Intanto è tornata a fare la modella.
«All’Università ho fatto la modella, prima ancora di diventare cantante. E sono contenta che me l’abbiano proposto anche ora, perché non sono una quattordicenne anoressica ma una donna di 48 anni, e perché la campagna non punta sulla bellezza fine a se stessa ma sul manifestare le diverse emozioni. Ho accettato perché mi piace l’idea di comunicare che anche io, come tutti, ho tante parti di me. Prima di X Factor la gente mi immaginava altissima e aggressiva, ma non sono né l’una né l’altra cosa».
Molte modelle dicono che il loro è un lavoro noiosissimo.
«Se è l’unica cosa che fai, certo che lo è. Anche io impazzirei. Ma siccome io ogni giorno faccio cose molto diverse non arrivo ad annoiarmi di nessuna e riesco ancora a pensare che sia un lavoro veramente divertente: è un mondo pieno di glamour, trucco e parrucco ti fanno bellissima. A me piace questa cosa perché tante persone pensano che io sia veramente brutta. È il mio modo di far vedere che sono anche figa».
Ma può una femminista come lei fare la modella?

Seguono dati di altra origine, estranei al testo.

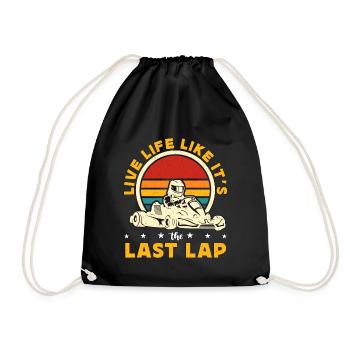 Kart Racing Live Life Like It's The Last Karting - Turnbeutel - Schwarz - Vorne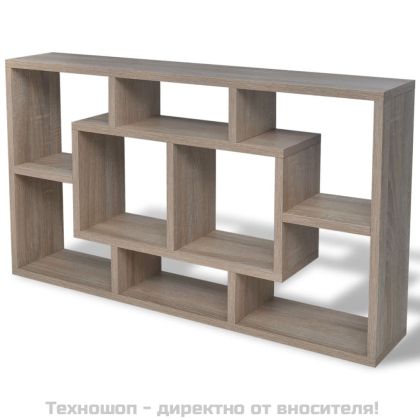 Стенна полица/рафт с 8 открити отделения, цвят дъб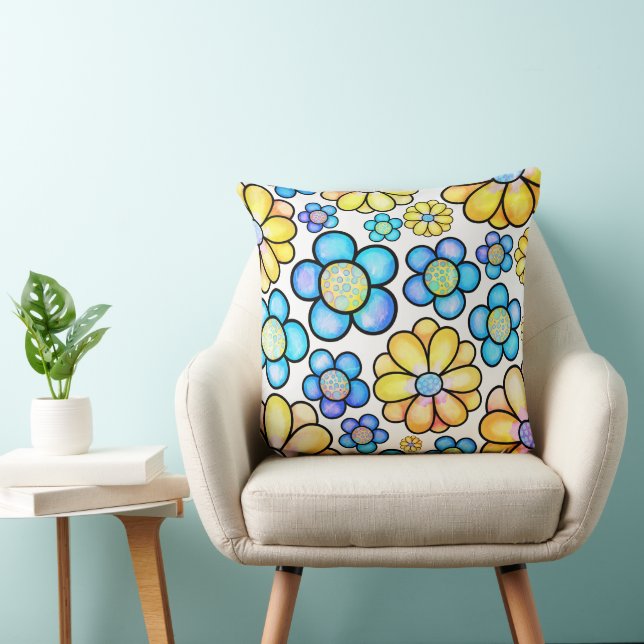 Floral Bloom 20x20 Throw Pillow (Chair)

«Ultimamente ci sono delle campagne davvero interessanti: penso a quella di Marina Rinaldi con la Arquette, una donna vera, che si batte per le altre donne come ha dimostrato con il suo bellissimo discorso la notte degli Oscar. Se fai vedere sempre un unico modello di femminilità, questo insulta le altre, ma se introduci nella moda le differenze, la cosa si fa interessante perché dimostra alle ragazzine che non c’è un solo modo di essere. Quando ero teenager io le modelle erano bianche, bionde e alte un metro e ottanta, solo Iman si distingueva. Ora le cose stanno cambiando».
Anche sul fronte età: come i suoi non credibili 48 anni.
«Sì quasi 49 e l’anno prossimo sono 50. È la prima volta che lo dico a voce alta. E non mi spiego come sia possibile. Io penso di essere in forma e soprattutto felice nella mia pelle. Se tutti riconoscessero che è questo ciò che conta e non l’età anagrafica, anche questa sarebbe una bella rivoluzione per l’immagine della donna».
Si è sempre piaciuta?
«Sono stata molto insicura fino al giorno in cui mi sono rasata i capelli. Quando l’ho fatto, più di vent’anni fa, mi sono guardata allo specchio e ho trovato me stessa».
Non le mancano mai i suoi capelli?
«Quando mi mancano li lascio crescere, ma dura poco: in un paio d’anni mi stufo. E credo di aver capito che quando me li faccio crescere e perché sono un po’ triste. Quindi per sapere come sto basta guardarmi la testa: se sono rasata allora vuol dire che tutto va alla grande».